▸ Problem statement
Go through the listing below and output exactly the line with "Imagem 7: Apartamento", the line with "Snapshot of sterben13v", and each line between; omit the rest.

▸ The data
⟨

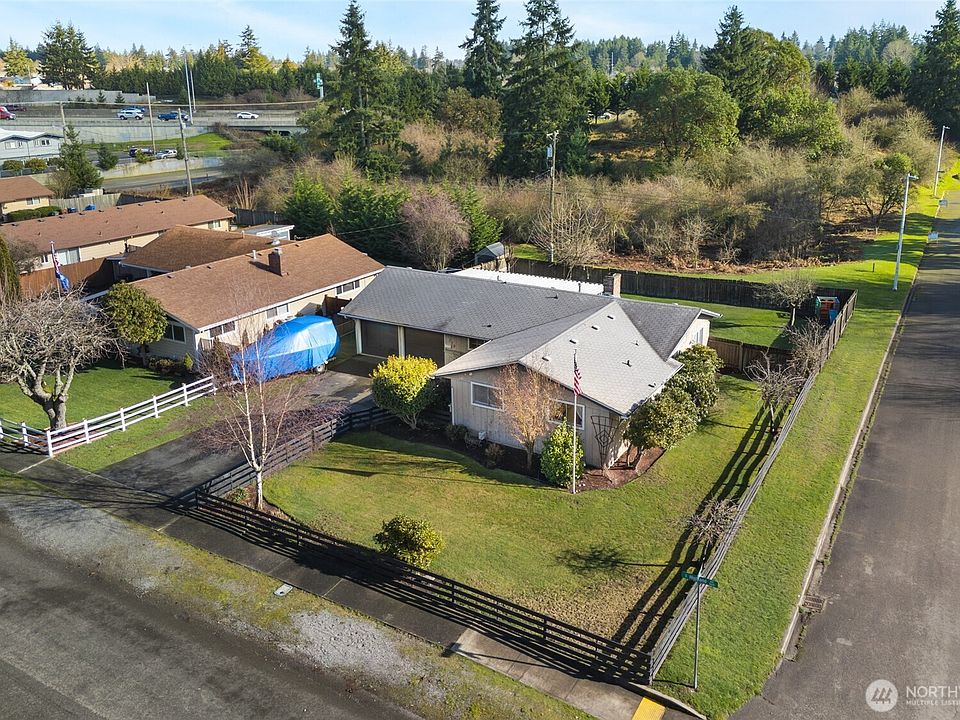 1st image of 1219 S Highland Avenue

⟩
⟨

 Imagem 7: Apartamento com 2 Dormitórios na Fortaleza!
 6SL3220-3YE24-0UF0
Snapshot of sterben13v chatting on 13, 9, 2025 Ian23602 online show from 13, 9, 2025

⟩
⟨

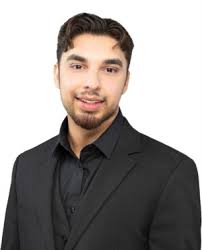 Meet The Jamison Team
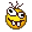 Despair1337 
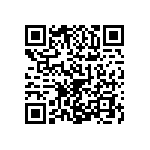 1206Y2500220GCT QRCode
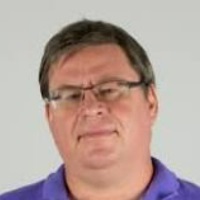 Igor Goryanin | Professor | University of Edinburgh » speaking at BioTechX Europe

⟩

▸ Response to this exercise
 Imagem 7: Apartamento com 2 Dormitórios na Fortaleza!
 6SL3220-3YE24-0UF0
Snapshot of sterben13v chatting on 13, 9, 2025 Ian23602 online show from 13, 9, 2025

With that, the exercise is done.